If Chuck’s insurance is partial and unfair, this means that the premium he is paying is less than the probability of getting sick times the payout. The insurance contract would be fair if the probability of getting sick is 0.2 (because 0.2*$1000 = $200). Because the premium is unfair, the probability of getting sick is less than 0.2.

Because the contract is not full, this means that the payout is less than the difference in incomes in the sick state and the healthy state. Suppose the income in the healthy state is $2000, then the income in the sick state has to be less than $1000 (for instance, $900).




7. What are the three main parts of the Affordable Care Act (Obamacare). Briefly explain each.

The three main components of the ACA are:

1. Medicaid expansion – States were required to cover a broader range of individuals. The problem was that states could opt out of this additional adoption. Medicaid expansion was supposed to expand Medicaid to another 17 million individuals.

2. An individual insurance mandate – All individuals who did not have insurance through their employer or Medicaid/Medicare were required to obtain it from their state-wide market created by the ACA

3. Cuts to Medicare spending – In order to provide millions of people with healthcare, and the expenses that come along with it, Medicare needed to be downsized (to a degree).




8. What are two similarities between the Beveridge type healthcare system and the American healthcare system? Briefly explain.

One similarity between the two systems is the use of gatekeepers. An individual who needs care first has to see their general physician before they can see a specialist.

An additional similarity is the provision of care for free (or highly subsidized rates). In Beveridge countries this is provided for everyone and in the US the two forms of public insurance are Medicaid and Medicare.




9. What are two ways in which the Medicare system attempts to control costs?

1. Cost-sharing – Just like other insurance programs, Medicare does not make the cost of care $0. This is in place so that individuals only have an incentive to seek care when they really need it.

2. A more significant cost control mechanism than cost-sharing is the Diagnosis Related Group (DRG) system (introduced in 1984). Under this system, Medicare pays a fixed amount to hospitals based upon the diagnosis the patient has when admitted to the hospital, rather than on his length of stay or the extent of care given.




10. Overall, do areas in the US that spend more on healthcare have better health outcomes as well? If not, briefly explain why not.

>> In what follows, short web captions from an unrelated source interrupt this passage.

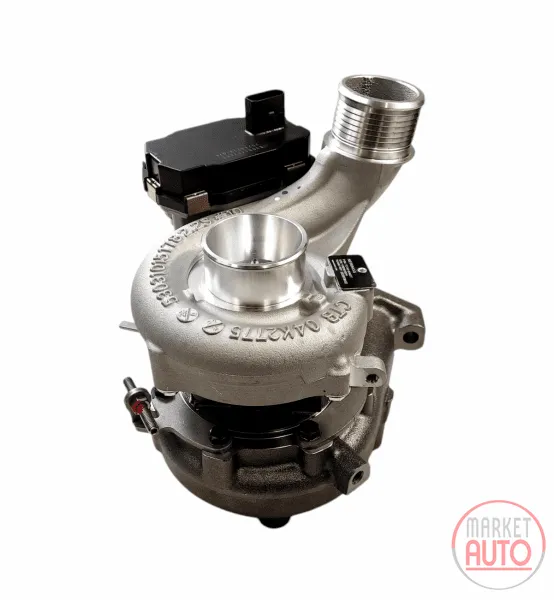 Turbocharger new -NRGS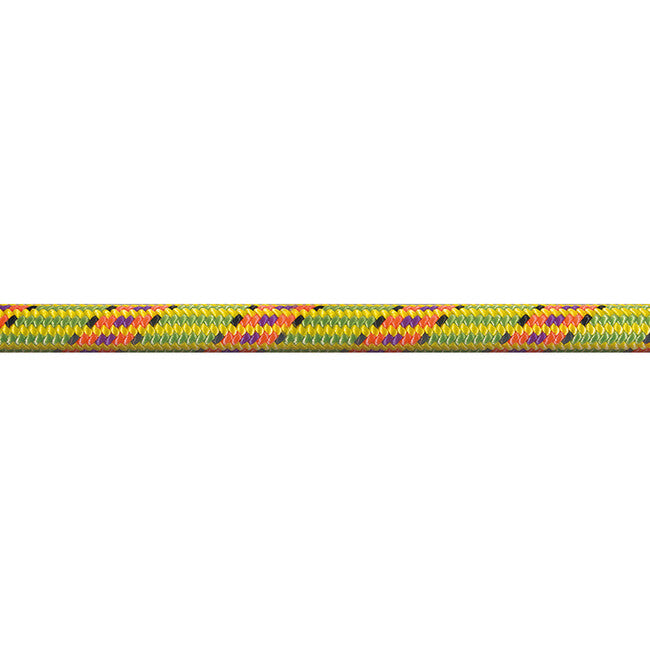 BEAL Ice Line Unicore Half Rope 8.1 mm 50 m, Anise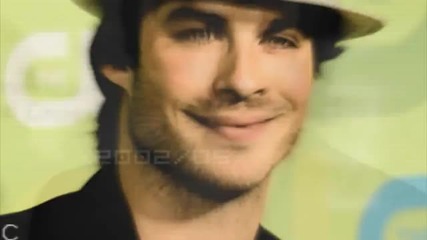 Ian Somerhalder Satisfaction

No, in general there is no correlation in the US between spending and outcomes. It seems like much of the disparity in expenditures is the result of supply-sensitive care. This is the idea that if more expensive technology if available, it is more likely to be used, even if it only offers a slight improvement in health outcomes.

One of the ways to look at differences in spending is through the health production frontier (HPF). If communities are not on their HPF they are getting less for their spending than communities who are on their HPF.

Moreover, communities may have different HPFs. Even if operating efficiently, a dollar in one community will go farther than a dollar in another community if they have different HPFs.